··· Available data

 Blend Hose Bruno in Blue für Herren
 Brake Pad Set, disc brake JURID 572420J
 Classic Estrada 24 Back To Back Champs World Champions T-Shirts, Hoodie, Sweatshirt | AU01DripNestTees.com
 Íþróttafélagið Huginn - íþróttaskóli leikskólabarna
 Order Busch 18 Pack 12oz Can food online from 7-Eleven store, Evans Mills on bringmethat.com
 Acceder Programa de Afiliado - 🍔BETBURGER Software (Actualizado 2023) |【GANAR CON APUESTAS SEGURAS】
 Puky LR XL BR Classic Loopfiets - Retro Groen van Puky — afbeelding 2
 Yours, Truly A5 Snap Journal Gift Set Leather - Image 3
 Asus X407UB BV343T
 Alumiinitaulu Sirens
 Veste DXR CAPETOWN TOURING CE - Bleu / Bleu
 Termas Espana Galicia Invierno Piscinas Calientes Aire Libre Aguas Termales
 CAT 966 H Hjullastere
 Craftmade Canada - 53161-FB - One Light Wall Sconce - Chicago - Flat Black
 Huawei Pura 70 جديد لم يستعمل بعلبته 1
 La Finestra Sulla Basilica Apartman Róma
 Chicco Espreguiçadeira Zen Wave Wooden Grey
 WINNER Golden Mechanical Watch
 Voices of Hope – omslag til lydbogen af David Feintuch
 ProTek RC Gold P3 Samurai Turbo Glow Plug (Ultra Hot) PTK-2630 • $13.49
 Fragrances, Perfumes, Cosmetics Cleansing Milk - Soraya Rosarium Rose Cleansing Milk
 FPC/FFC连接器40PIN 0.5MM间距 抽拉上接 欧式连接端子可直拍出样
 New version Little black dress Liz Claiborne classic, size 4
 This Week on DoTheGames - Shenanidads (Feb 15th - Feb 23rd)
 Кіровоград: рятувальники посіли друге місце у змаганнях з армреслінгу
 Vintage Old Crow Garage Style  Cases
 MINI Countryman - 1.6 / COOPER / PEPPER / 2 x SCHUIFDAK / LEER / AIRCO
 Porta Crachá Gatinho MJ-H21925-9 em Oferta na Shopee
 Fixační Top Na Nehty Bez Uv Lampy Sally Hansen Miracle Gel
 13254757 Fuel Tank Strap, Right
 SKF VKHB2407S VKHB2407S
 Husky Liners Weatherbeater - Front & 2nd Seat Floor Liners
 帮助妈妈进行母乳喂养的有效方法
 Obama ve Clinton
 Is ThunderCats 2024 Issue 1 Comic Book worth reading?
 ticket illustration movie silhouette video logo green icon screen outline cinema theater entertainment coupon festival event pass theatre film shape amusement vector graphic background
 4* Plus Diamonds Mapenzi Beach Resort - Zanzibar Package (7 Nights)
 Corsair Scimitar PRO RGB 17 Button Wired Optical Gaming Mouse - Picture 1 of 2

······

* **Exercise instructions**
Please return the lines above exactly, from the first one down to the line with "Veste DXR CAPETOWN TOURING CE - Bleu / Bleu", and stop after that line.

* **Written solution**
 Blend Hose Bruno in Blue für Herren
 Brake Pad Set, disc brake JURID 572420J
 Classic Estrada 24 Back To Back Champs World Champions T-Shirts, Hoodie, Sweatshirt | AU01DripNestTees.com
 Íþróttafélagið Huginn - íþróttaskóli leikskólabarna
 Order Busch 18 Pack 12oz Can food online from 7-Eleven store, Evans Mills on bringmethat.com
 Acceder Programa de Afiliado - 🍔BETBURGER Software (Actualizado 2023) |【GANAR CON APUESTAS SEGURAS】
 Puky LR XL BR Classic Loopfiets - Retro Groen van Puky — afbeelding 2
 Yours, Truly A5 Snap Journal Gift Set Leather - Image 3
 Asus X407UB BV343T
 Alumiinitaulu Sirens
 Veste DXR CAPETOWN TOURING CE - Bleu / Bleu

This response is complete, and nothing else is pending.